Word for word, restate the lines of the data from the first through the one containing "Surname Retzack in USA Surname", and nothing else.

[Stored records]

——————

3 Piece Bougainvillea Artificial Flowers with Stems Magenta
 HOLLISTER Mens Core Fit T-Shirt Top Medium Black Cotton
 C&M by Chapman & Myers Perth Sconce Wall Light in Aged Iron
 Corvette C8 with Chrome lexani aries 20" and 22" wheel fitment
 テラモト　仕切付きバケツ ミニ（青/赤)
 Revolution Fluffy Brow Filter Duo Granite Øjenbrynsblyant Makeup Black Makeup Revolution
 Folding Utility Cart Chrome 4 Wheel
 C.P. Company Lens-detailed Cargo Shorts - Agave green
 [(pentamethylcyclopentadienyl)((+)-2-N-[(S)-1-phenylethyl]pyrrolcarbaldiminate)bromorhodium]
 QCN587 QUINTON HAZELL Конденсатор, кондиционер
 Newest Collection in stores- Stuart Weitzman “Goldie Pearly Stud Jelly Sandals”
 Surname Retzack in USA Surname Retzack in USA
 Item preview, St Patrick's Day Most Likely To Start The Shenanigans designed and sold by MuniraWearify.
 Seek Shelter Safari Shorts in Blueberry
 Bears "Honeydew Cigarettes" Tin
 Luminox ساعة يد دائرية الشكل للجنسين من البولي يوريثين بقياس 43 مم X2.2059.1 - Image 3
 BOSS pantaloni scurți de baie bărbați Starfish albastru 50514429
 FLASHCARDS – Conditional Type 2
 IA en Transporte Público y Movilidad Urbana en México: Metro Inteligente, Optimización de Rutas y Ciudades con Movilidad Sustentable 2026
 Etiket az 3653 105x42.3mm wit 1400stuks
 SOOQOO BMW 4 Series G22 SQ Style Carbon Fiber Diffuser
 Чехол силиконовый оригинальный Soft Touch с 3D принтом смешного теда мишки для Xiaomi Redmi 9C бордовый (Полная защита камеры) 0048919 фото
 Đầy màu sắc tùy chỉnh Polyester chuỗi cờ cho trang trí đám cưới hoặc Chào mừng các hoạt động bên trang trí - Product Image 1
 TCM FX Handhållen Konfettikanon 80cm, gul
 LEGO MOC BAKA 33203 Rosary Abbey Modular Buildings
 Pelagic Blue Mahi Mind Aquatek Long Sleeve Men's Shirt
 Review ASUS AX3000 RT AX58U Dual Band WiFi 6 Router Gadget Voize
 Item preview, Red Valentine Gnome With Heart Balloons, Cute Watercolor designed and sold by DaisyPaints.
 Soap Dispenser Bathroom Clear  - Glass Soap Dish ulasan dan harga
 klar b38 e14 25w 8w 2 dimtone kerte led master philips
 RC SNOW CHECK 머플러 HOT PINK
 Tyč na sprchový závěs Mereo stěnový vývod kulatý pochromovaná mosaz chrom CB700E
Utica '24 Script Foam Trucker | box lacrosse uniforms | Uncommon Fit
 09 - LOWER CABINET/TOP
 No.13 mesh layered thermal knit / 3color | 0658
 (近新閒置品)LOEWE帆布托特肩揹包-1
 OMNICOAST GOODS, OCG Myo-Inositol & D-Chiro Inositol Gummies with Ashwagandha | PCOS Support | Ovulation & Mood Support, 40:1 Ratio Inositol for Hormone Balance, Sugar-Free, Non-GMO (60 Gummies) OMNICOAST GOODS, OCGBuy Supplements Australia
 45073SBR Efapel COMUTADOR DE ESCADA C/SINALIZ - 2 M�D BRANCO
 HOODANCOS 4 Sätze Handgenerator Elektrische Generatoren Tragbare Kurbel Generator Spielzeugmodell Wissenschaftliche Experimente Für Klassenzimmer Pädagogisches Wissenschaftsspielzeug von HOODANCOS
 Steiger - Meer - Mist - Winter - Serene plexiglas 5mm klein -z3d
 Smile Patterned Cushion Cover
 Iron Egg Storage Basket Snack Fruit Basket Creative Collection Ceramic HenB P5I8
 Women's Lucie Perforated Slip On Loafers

——————

RESPONSE BOX ->
3 Piece Bougainvillea Artificial Flowers with Stems Magenta
 HOLLISTER Mens Core Fit T-Shirt Top Medium Black Cotton
 C&M by Chapman & Myers Perth Sconce Wall Light in Aged Iron
 Corvette C8 with Chrome lexani aries 20" and 22" wheel fitment
 テラモト　仕切付きバケツ ミニ（青/赤)
 Revolution Fluffy Brow Filter Duo Granite Øjenbrynsblyant Makeup Black Makeup Revolution
 Folding Utility Cart Chrome 4 Wheel
 C.P. Company Lens-detailed Cargo Shorts - Agave green
 [(pentamethylcyclopentadienyl)((+)-2-N-[(S)-1-phenylethyl]pyrrolcarbaldiminate)bromorhodium]
 QCN587 QUINTON HAZELL Конденсатор, кондиционер
 Newest Collection in stores- Stuart Weitzman “Goldie Pearly Stud Jelly Sandals”
 Surname Retzack in USA Surname Retzack in USA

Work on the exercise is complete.